The grass court season is short, intense, and stylistically different from any other surface in tennis. After Roland Garros wraps in early June, the entire tour pivots within days to grass for a six-week stretch culminating at Wimbledon.

The men's favorites

Carlos Alcaraz won Wimbledon in 2023 and 2024 and remains the favorite. Jannik Sinner reached the 2024 final and has improved his grass game considerably. Novak Djokovic, now 38, retired after the 2025 US Open, removing the player who dominated the surface for over a decade. The field is genuinely open in a way it has not been since the early 2000s.

The women's favorites

Iga Swiatek's grass results have lagged her dominance on other surfaces, leaving the women's draw more open. Aryna Sabalenka, Coco Gauff, and Elena Rybakina (the 2022 champion) are all credible favorites. Several lower-ranked grass specialists could also make deep runs.

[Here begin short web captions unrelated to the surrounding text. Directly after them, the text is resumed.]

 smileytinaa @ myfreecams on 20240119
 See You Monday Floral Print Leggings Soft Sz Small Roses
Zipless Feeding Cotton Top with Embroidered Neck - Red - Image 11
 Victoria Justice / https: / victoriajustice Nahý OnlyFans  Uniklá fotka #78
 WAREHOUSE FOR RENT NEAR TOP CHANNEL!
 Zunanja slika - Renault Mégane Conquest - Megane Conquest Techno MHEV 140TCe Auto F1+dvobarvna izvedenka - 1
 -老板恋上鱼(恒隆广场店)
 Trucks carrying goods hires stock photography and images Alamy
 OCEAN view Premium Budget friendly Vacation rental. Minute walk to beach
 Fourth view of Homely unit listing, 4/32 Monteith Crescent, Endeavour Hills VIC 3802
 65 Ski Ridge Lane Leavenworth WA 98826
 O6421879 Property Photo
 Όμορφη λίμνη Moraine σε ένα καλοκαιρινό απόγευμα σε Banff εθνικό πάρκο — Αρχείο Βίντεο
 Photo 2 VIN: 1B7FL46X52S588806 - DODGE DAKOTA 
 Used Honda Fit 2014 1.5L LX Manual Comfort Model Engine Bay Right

What Roland Garros tells us

The clay court swing typically reveals which players are physically peaked for the summer slams. Watch the Roland Garros quarterfinalists; several of them will carry that form straight to grass.

Best grass tune-up events

Queen's Club for the men, Bad Homburg and Berlin for the women. Eastbourne and Halle as the major slam tune-ups. Form at these events historically correlates well with Wimbledon performance.